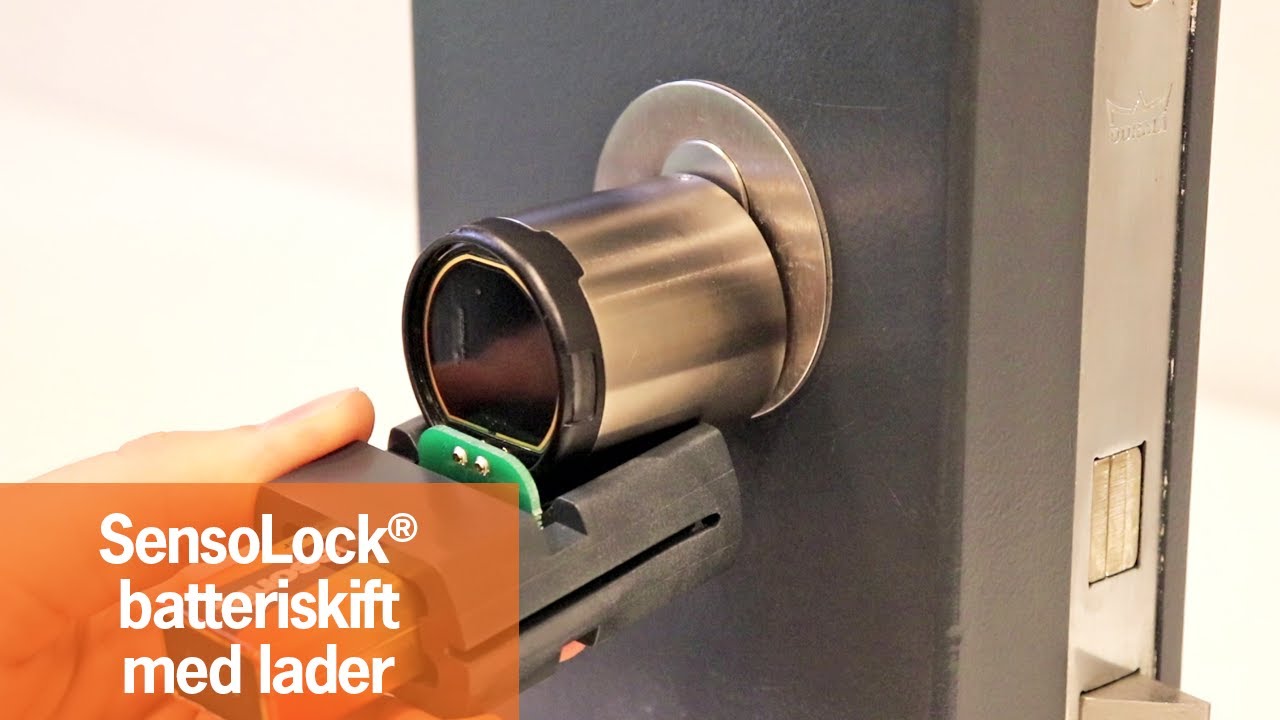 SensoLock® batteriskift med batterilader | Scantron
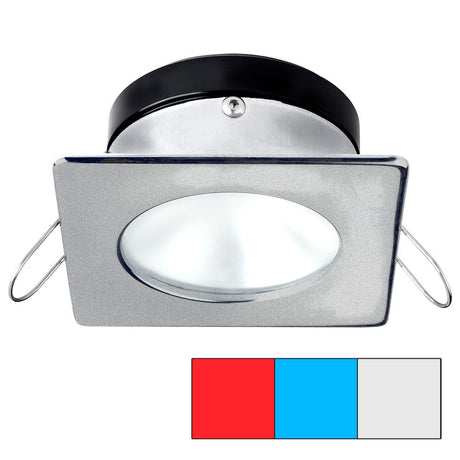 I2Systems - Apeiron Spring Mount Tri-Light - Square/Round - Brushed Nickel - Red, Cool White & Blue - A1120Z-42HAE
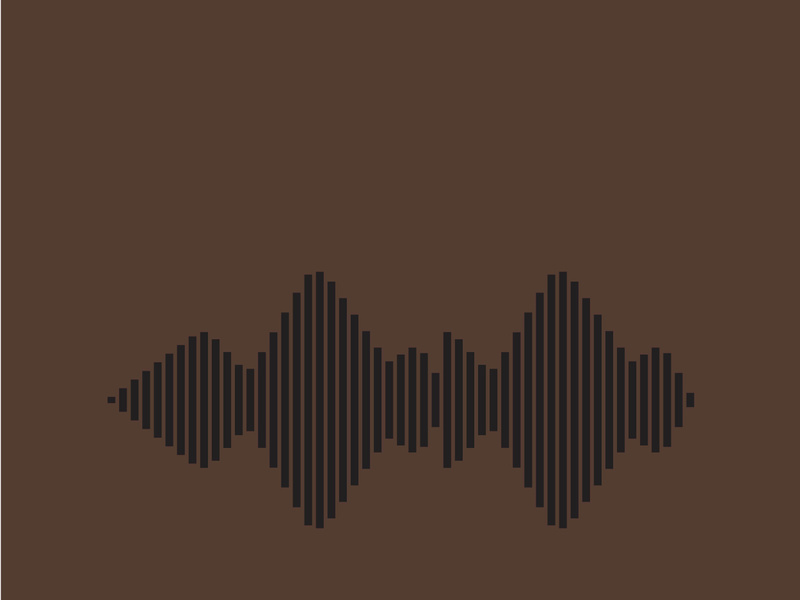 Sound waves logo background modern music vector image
# # # #
Problem details
Repeat the data word for word. Skip the pictures.

Finished task
 SensoLock® batteriskift med batterilader | Scantron
 I2Systems - Apeiron Spring Mount Tri-Light - Square/Round - Brushed Nickel - Red, Cool White & Blue - A1120Z-42HAE
 Sound waves logo background modern music vector image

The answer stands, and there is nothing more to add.